To learn more about non-current maps see Map
History / History of Cartography.
Meeting announcements can
be found at Cartography - Calendar of Meetings
and Events.
Click here for archive
of past exhibitions.
Indefinite – Amsterdam
The
National Maritime
Museum, Kattenburgerplein 1, exhibition Maps
and Marvels brings together maps, globes and atlases by Dutch
cartographers from the National Maritime Museum's world-leading
collection. This exhibition shows how the ships found their way at
sea in the Dutch Golden Age, and how these voyages defined the
way we see the world. Using rare and early maps and globes, visitors
travel to the locations that played an important role in the Dutch
history: South Africa, Indonesia, Japan, Australia, and Brazil. The
spectacular wall map of Amsterdam by Pieter Bast, dating from 1597,
forms the starting point of the exhibition.
Indefinite
– Boston
Becoming
Boston: Eight Moments in the Geography of a Changing City can
be seen in the Norman B.
Leventhal Map & Education Center at the Boston Public
Library, 700 Boylston St. The exhibition follows the changing spatial
forms of the place we now call Boston. Maps trace out the complicated
history of places, and we can use them to document geography in much
the same way that we can use diaries and letters to document
biography. In the eight cases of this exhibition, we follow the
changing spatial forms of the place we now call Boston—from
before the landscape carried that name all the way through the
struggles, clashes, and dreams that continue to reshape the city
today.
Indefinite – Bucharest
The
Muzeul Național
al Hărților și Cărții Vechi [National Museum
of Old Maps and Books], str.Londra nr.39 sector 1, opened to the
public in 2003 and is hosted in a beautiful villa built in the
1920's. The main collection of over 1000 items belonged to Professor
Adrian Năstase’s family and was donated to the Romanian
state. Numerous maps are displayed on the walls of this three story
villa.
Indefinite – Edinburgh
Treasures
of the National Library of Scotland
is a permanent exhibition of 13th- to 18th-century objects in the
library's collection which can be seen in George IV Bridge building.
Included are some of the first detailed maps of Scotland created by
Timothy Pont more than 400 years ago.

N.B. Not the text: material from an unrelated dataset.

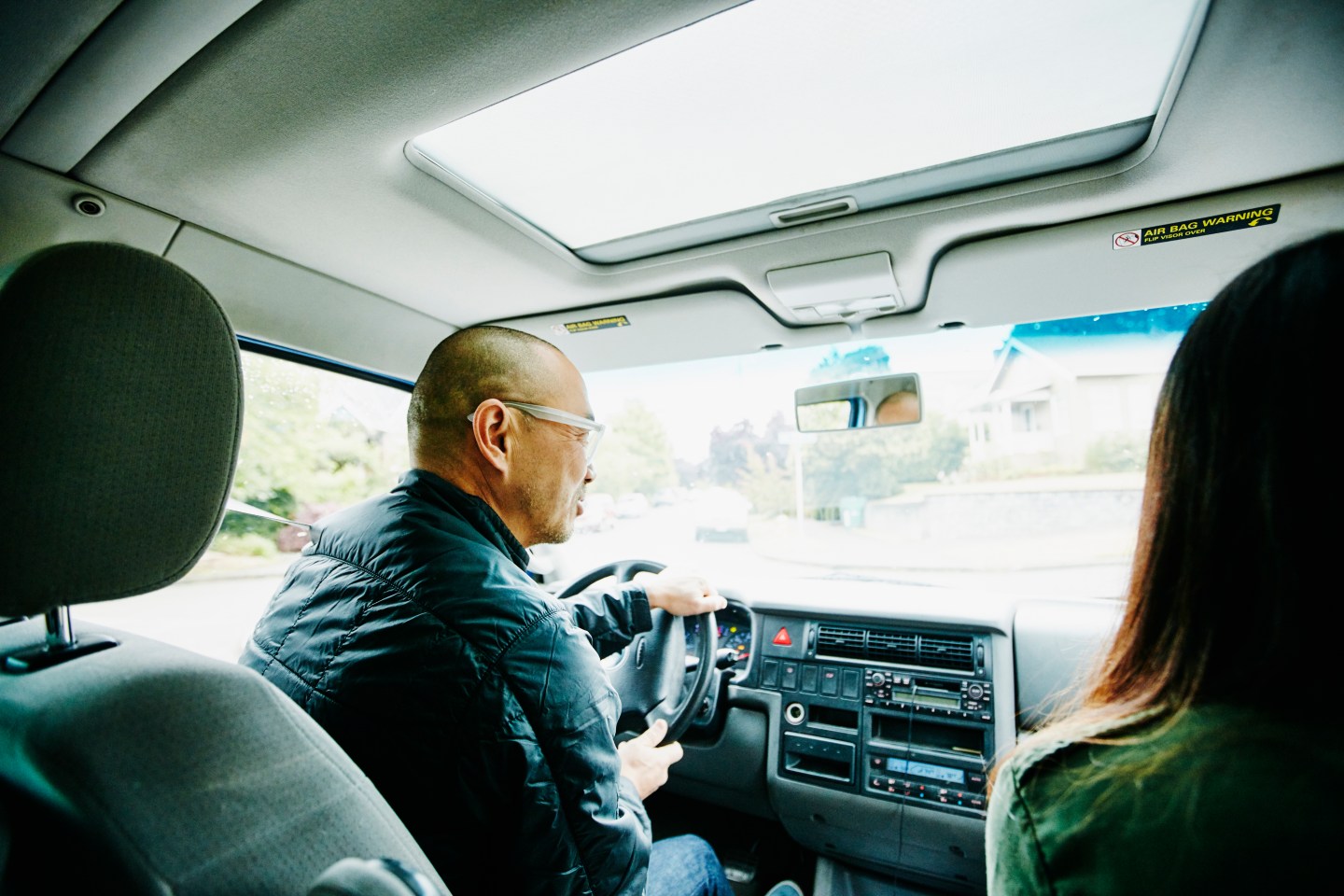 Father in discussion with daughter while driving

The maps chart the geography of
16th-Century Scotland including details of tower houses and castles,
smaller buildings and settlements, mills and rivers and the extent of
woodland and physical features such as rivers and valleys and
mountain tops. They also mention landowners and other people.
Indefinite - Hershey,
Pennsylvania
In today’s digital world, we’ve
become accustomed to getting where we’re headed by pulling up
MapQuest or Google Maps on our phone or by using a GPS system to
guides us to our destination; however, that hasn’t always been
the case. Since the advent of automobiles, motorists have needed to
know how to get to their destination, and for many decades they
relied on paper maps. Maps were given away by local gas stations,
convenience stores, tire companies, banks, tourist bureaus, chambers
of commerce, rental car companies, and many other businesses. Many of
these businesses provided these maps as a form of advertising to get
customers to visit their attraction or gas station brand. Learn more
about this interesting collecting topic and see Remembering
Road Maps; a display with early maps right here at the AACA
Museum, Inc., 161 Museum Drive.
Indefinite - Jacksonville, Florida
The Lewis
Ansbacher Map Collection contains some 244 antiquarian maps
of Florida and Florida cities, North and South America, and the
world. It includes historical views and plates focusing on northern
Florida. Most of these maps are on permanent display in the Morris
Ansbacher Map Room on the fourth floor of the Main
Library, 303 N. Laura Street. Additional information
813-228-0097.
Indefinite - Kozani, Greece
Kozani
in the World of Maps is on display at the Municipal
Map Library housed in the recently restored Georgios
Lassanis Mansion at the center of the city. The historic Map
Library, with its roots in 17th century, keeps a small but important
collection of maps, atlases and geography books, mainly from 18th
century, referred to the period of Greek Enlightenment. For example,
a copy of the 1797 Rigas Velestinlis "Charta" as well as
the extremely rare 1800 Anthimos Gazis world map are kept there among
other maps and atlases which were never before put on public display.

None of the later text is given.